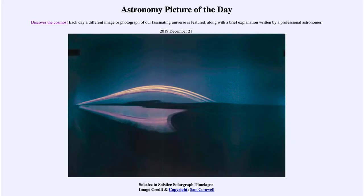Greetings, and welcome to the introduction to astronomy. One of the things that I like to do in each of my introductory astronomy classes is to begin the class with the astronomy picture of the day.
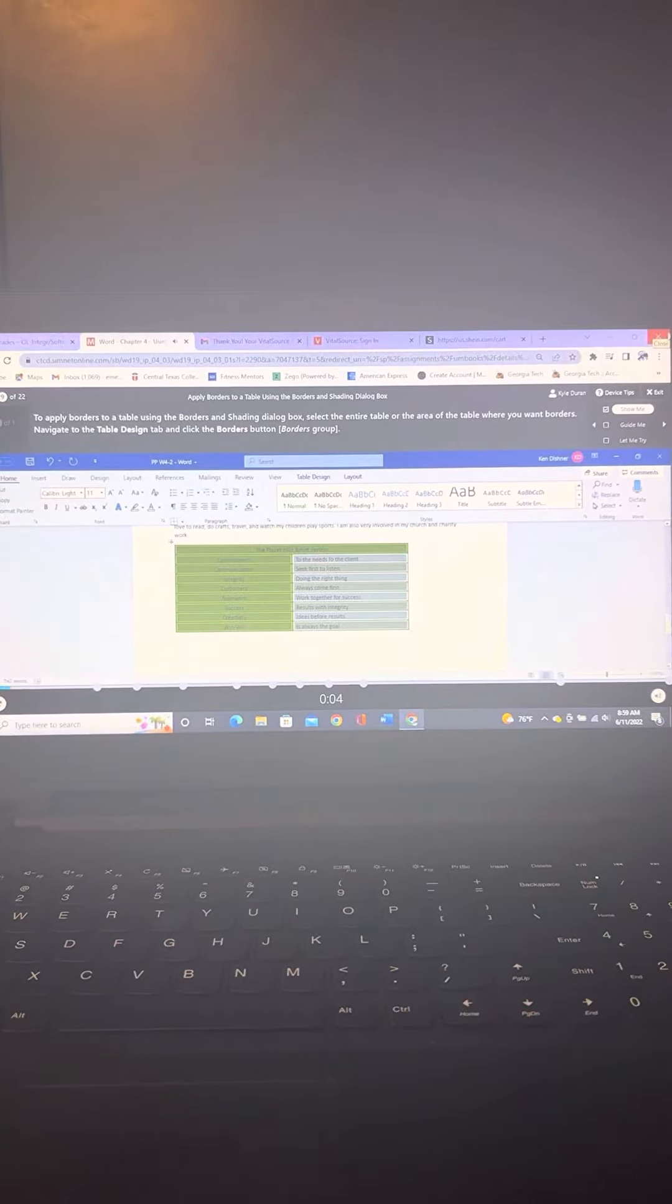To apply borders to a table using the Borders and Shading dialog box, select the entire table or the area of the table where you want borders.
==========
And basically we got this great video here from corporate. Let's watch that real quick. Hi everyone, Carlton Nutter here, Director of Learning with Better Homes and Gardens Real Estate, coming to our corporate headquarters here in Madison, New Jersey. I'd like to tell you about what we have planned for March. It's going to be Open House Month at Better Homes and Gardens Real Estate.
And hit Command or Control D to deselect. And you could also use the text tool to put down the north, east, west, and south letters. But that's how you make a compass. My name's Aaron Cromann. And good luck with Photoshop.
==========
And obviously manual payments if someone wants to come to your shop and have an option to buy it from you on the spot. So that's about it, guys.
==========
Once the line with "Greetings, and welcome" has been found above, output that line and every later line exactly, stopping after the line with "To apply borders", and omit the pictures.

Greetings, and welcome to the introduction to astronomy. One of the things that I like to do in each of my introductory astronomy classes is to begin the class with the astronomy picture of the day.
To apply borders to a table using the Borders and Shading dialog box, select the entire table or the area of the table where you want borders.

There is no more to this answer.